Powrót do tradycji. Górą sztab
Po meczu ze Spartą legioniści dostali wolne popołudnie. Na porannym treningu stawili się w komplecie, ale dłuższe zajęcia mieli tylko ci, którzy nie zagrali w sparingu. Pozostali piłkarze po rozbieganiu wrócili do hotelu. Tymczasem po zajęciach na płytę stadionu w Windschgarsten weszli przedstawiciele sztabu szkoleniowo-medycznego i dziennikarze. Tym samym nastąpił powrót do tradycji towarzyskich gierek, które miały miejsce także za czasów pierwszej kadencji Jana Urbana.
Fotoreportaż z Windischgarsten - 20 zdjęć
Do gry przystąpił nawet Pan Lucjan Brychczy, który wyraźnie odżył przy nowym składzie sztabu. Pan "Kici" grał statecznie, ale kiedy trzeba było, potrafił precyzyjnym podaniem oszukać rywali. Lisem pola karnego tradycyjnie był zaś Jacek Magiera.

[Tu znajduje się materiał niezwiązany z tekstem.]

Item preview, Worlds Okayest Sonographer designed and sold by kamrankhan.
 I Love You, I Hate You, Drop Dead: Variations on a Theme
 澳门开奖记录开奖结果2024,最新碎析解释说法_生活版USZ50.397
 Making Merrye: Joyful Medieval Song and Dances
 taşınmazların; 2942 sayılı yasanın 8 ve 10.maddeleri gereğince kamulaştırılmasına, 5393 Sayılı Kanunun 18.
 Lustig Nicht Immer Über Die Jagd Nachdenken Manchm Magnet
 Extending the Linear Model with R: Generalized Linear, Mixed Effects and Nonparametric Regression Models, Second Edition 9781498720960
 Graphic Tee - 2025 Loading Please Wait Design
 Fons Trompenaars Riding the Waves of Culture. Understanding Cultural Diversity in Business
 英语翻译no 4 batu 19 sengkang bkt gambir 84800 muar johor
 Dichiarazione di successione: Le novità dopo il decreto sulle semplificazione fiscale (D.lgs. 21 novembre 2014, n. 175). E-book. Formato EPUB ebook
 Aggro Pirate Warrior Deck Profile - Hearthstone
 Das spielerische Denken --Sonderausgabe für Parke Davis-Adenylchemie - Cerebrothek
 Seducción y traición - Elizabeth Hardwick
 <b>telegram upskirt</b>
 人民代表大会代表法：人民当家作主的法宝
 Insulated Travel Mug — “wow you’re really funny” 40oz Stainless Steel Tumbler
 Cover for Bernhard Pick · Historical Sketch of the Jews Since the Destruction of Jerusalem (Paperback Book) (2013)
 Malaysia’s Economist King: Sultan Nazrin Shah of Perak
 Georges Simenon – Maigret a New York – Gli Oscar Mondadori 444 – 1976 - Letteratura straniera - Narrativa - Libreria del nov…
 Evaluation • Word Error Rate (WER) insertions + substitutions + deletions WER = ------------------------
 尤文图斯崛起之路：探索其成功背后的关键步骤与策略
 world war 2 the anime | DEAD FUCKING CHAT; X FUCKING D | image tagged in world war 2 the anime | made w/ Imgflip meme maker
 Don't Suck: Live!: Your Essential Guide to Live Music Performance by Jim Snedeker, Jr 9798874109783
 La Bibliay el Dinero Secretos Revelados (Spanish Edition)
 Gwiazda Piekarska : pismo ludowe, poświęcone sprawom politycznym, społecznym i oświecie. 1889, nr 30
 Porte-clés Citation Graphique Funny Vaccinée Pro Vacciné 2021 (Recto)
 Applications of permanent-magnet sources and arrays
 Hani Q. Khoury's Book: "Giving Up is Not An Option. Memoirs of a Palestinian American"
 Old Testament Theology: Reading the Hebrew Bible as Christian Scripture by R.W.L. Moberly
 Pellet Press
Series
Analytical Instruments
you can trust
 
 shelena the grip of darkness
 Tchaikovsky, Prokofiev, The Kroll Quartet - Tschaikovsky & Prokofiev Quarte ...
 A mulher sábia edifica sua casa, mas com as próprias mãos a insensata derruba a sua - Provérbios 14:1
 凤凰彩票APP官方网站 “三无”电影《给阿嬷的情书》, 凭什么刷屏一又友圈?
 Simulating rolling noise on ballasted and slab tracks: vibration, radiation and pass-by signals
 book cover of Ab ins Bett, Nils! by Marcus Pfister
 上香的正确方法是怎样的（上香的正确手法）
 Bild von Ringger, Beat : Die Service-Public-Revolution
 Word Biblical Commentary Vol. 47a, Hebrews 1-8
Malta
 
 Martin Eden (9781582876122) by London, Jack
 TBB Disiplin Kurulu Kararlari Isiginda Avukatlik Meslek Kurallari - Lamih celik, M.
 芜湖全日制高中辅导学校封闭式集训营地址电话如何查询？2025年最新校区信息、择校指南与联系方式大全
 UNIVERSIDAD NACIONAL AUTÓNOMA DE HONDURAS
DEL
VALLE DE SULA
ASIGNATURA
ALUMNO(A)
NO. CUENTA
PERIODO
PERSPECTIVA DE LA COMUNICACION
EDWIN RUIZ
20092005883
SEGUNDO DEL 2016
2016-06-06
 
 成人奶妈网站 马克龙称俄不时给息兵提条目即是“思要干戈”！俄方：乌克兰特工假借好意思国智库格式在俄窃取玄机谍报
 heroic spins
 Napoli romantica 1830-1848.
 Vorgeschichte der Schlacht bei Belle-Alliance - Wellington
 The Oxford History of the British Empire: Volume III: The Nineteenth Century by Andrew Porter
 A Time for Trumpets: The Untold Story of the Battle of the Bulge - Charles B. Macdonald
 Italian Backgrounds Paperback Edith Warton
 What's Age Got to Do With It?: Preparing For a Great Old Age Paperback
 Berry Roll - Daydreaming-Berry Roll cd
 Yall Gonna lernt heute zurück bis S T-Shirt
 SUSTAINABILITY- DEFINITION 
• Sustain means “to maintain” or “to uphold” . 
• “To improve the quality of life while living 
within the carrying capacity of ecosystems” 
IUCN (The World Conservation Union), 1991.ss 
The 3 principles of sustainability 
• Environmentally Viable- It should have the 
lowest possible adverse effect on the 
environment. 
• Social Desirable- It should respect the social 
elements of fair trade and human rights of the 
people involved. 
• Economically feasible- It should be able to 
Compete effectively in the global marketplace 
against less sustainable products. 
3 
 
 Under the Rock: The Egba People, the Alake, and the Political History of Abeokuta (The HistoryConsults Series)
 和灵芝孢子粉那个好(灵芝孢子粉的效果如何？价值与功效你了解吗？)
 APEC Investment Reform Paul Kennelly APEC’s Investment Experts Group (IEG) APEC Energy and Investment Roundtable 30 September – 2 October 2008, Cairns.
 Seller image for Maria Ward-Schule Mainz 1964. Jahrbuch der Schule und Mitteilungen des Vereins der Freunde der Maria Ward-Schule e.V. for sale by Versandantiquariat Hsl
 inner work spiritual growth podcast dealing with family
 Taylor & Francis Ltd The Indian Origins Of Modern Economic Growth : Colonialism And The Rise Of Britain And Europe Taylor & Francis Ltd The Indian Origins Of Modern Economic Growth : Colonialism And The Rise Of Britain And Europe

Mimo ambitnej walki, i tym razem ekipa dziennikarska musiała uznać wyższość sztabu, który na koniec podrzucał swojego "selekcjonera" - Bojkę - w górę, świętując tym samym wygraną. Mecz zakończył się przegraną mediów 5-8, a jego ozdobą był piękny hat-trick zdobyty przez jednego z naszych kolegów - fotoreporterów.